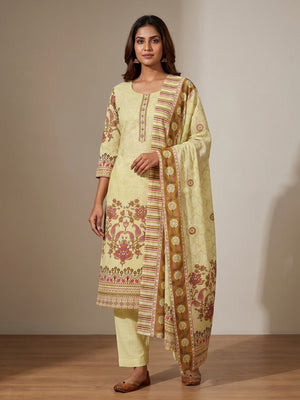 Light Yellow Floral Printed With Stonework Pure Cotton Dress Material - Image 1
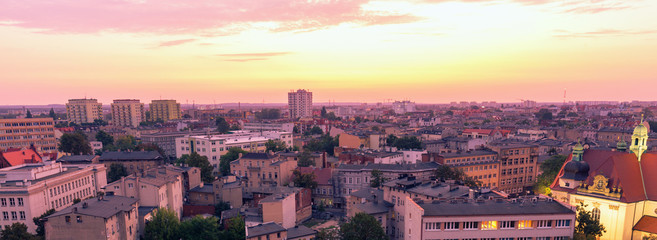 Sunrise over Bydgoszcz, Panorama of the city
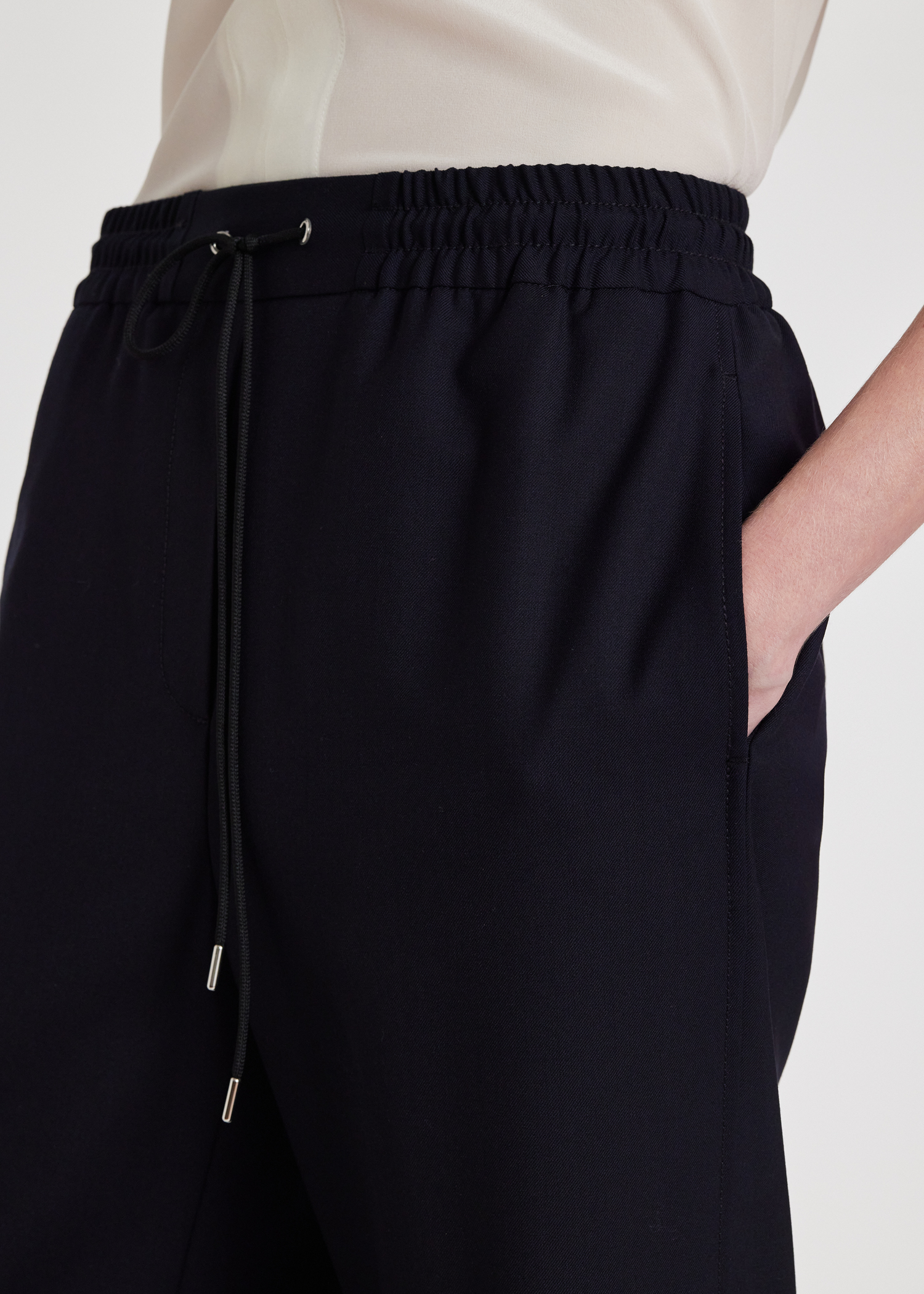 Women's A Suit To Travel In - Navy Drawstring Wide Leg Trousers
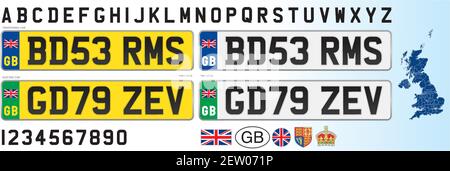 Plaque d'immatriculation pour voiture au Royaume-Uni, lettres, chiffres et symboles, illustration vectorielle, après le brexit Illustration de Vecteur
+ + + +
Print every line above exactly as given, but not the pictures.

 Light Yellow Floral Printed With Stonework Pure Cotton Dress Material - Image 1
 Sunrise over Bydgoszcz, Panorama of the city
 Women's A Suit To Travel In - Navy Drawstring Wide Leg Trousers
 Plaque d'immatriculation pour voiture au Royaume-Uni, lettres, chiffres et symboles, illustration vectorielle, après le brexit Illustration de Vecteur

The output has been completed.